==== The input

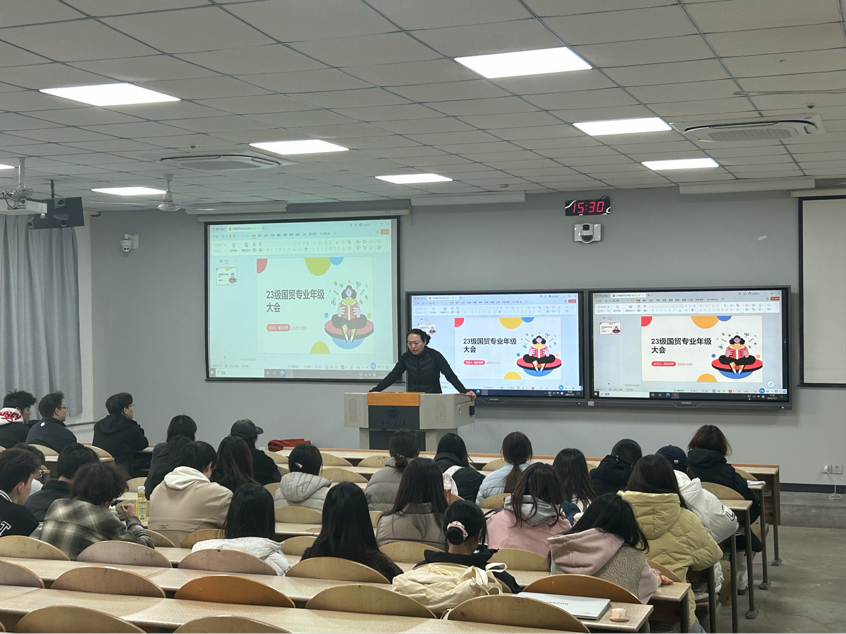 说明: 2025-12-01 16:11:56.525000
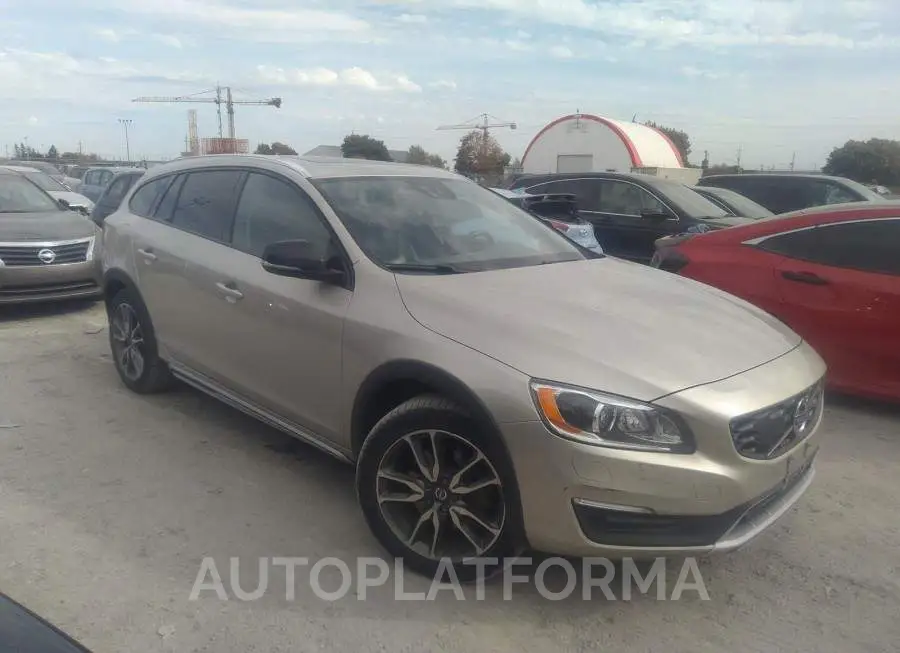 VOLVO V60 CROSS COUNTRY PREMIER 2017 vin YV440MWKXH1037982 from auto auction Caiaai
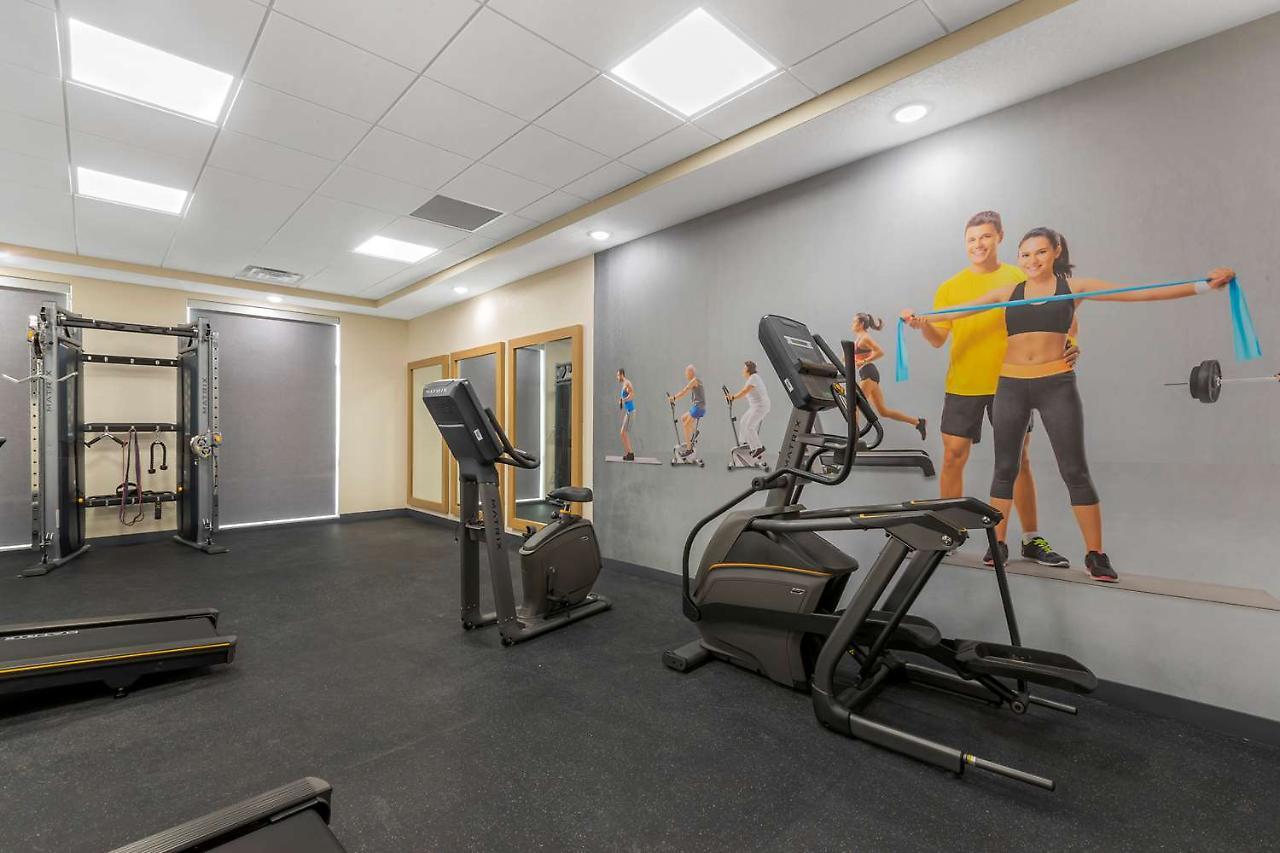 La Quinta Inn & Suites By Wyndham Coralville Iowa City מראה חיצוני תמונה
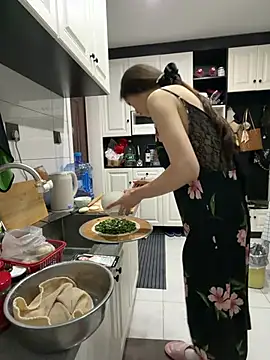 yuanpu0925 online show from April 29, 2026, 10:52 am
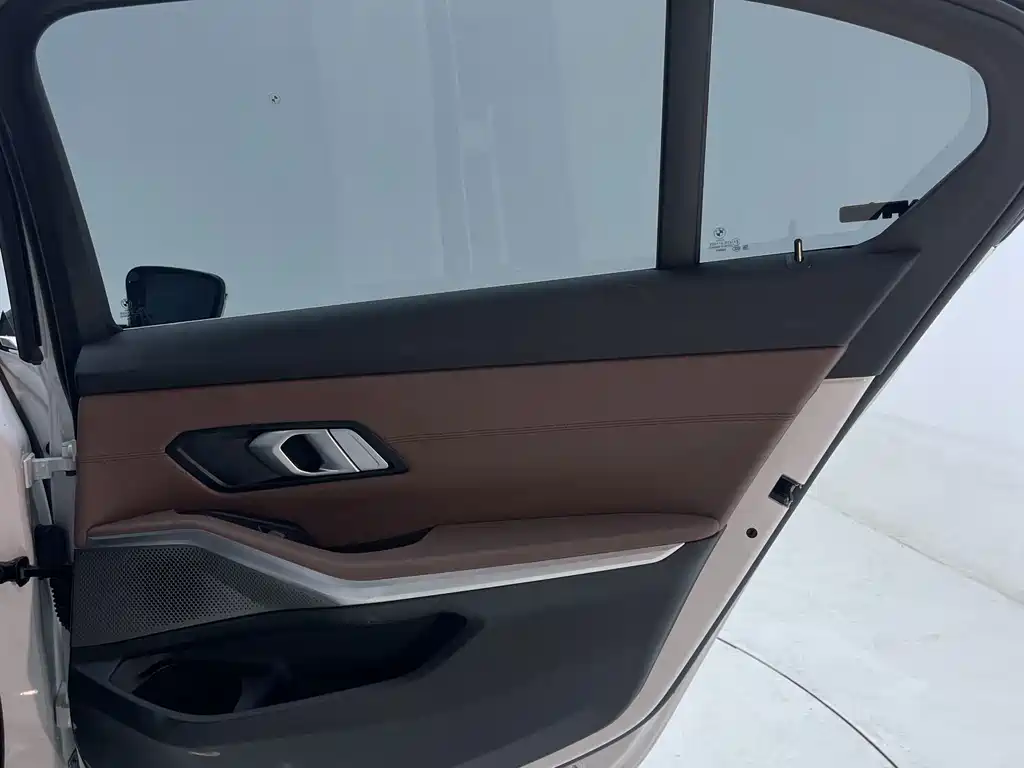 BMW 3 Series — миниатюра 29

========

Beginning with the line that contains "yuanpu0925 online show", write out the remaining lines of the listing above through the last, exactly and only those, without pictures.

 yuanpu0925 online show from April 29, 2026, 10:52 am
 BMW 3 Series — миниатюра 29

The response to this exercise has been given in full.